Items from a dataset
-=-=-

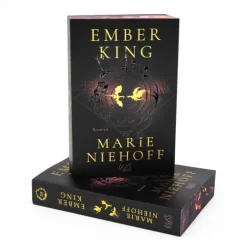 Rowohlt Taschenbuch Romantasy-Ember King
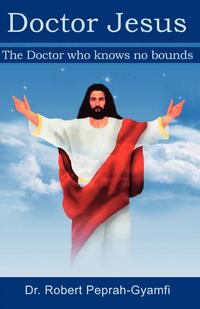 bokomslag Doctor Jesus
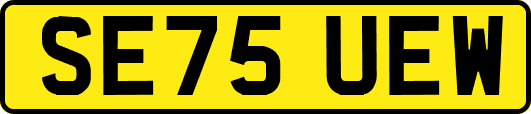 SE75UEW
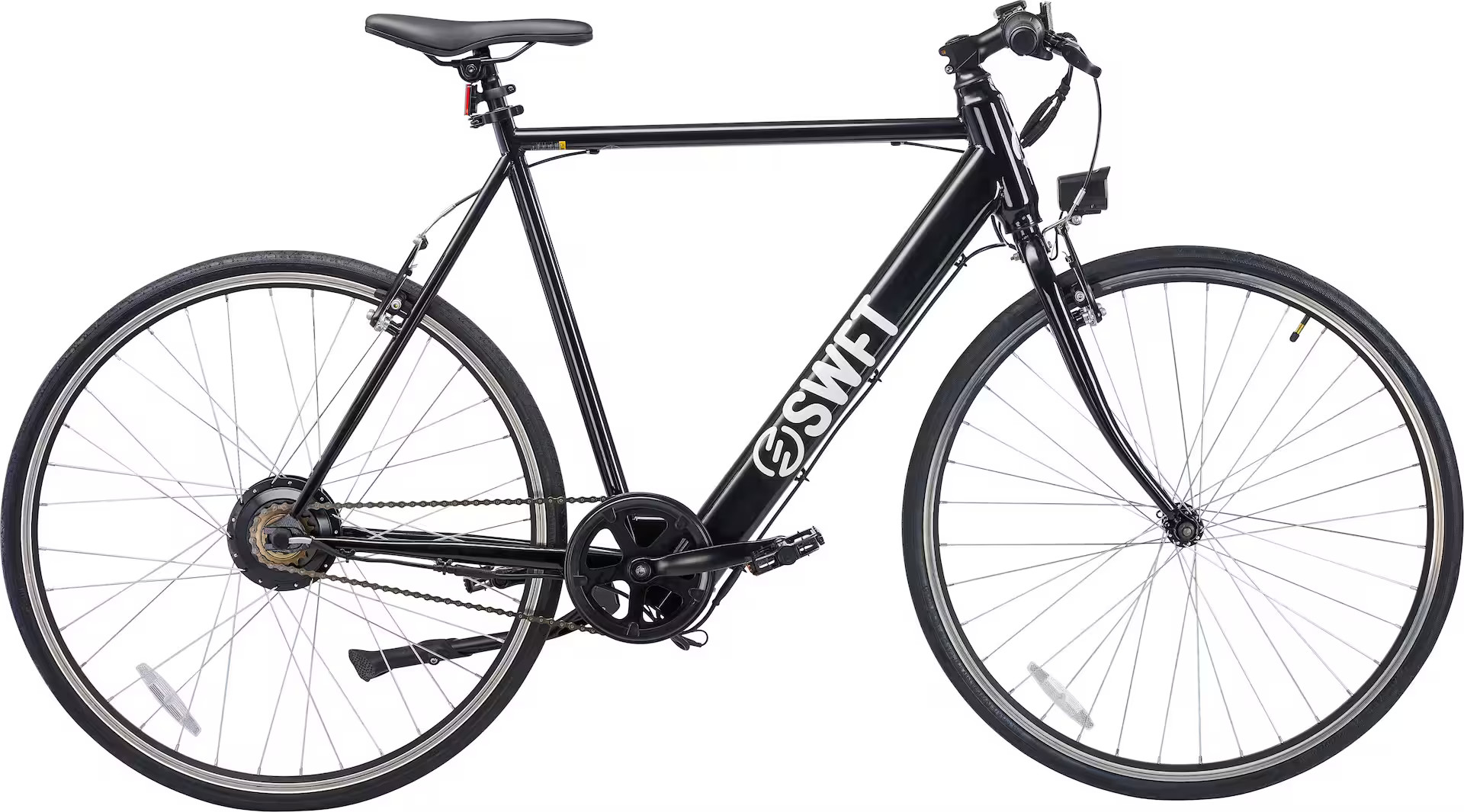 SWFT VOLT eBike w/ 32mi Max Operating Range & 19.8 mph Max Speed Black SWFT-VOLT-BLK - Best Buy | Best Buy U.S.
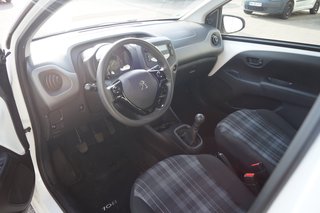Peugeot 108 Active Klima I 1. Hand I Allwetter - bilder 5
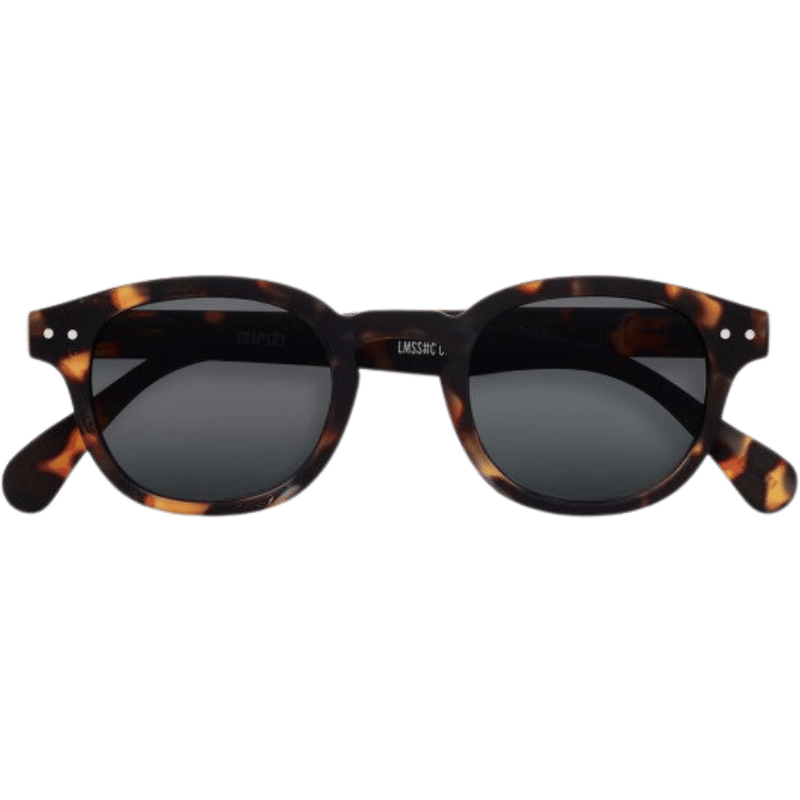 IZIPIZI SUN #C Tortoise Unisex Güneş Gözlüğü - Eklektik House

-=-=-

WORK ITEM — In the answer, give only the lines from the one containing "SWFT VOLT eBike" through the end of the records above, each reproduced exactly. Include no pictures.

RESPONSE TO THE EXERCISE —
 SWFT VOLT eBike w/ 32mi Max Operating Range & 19.8 mph Max Speed Black SWFT-VOLT-BLK - Best Buy | Best Buy U.S.
Peugeot 108 Active Klima I 1. Hand I Allwetter - bilder 5
 IZIPIZI SUN #C Tortoise Unisex Güneş Gözlüğü - Eklektik House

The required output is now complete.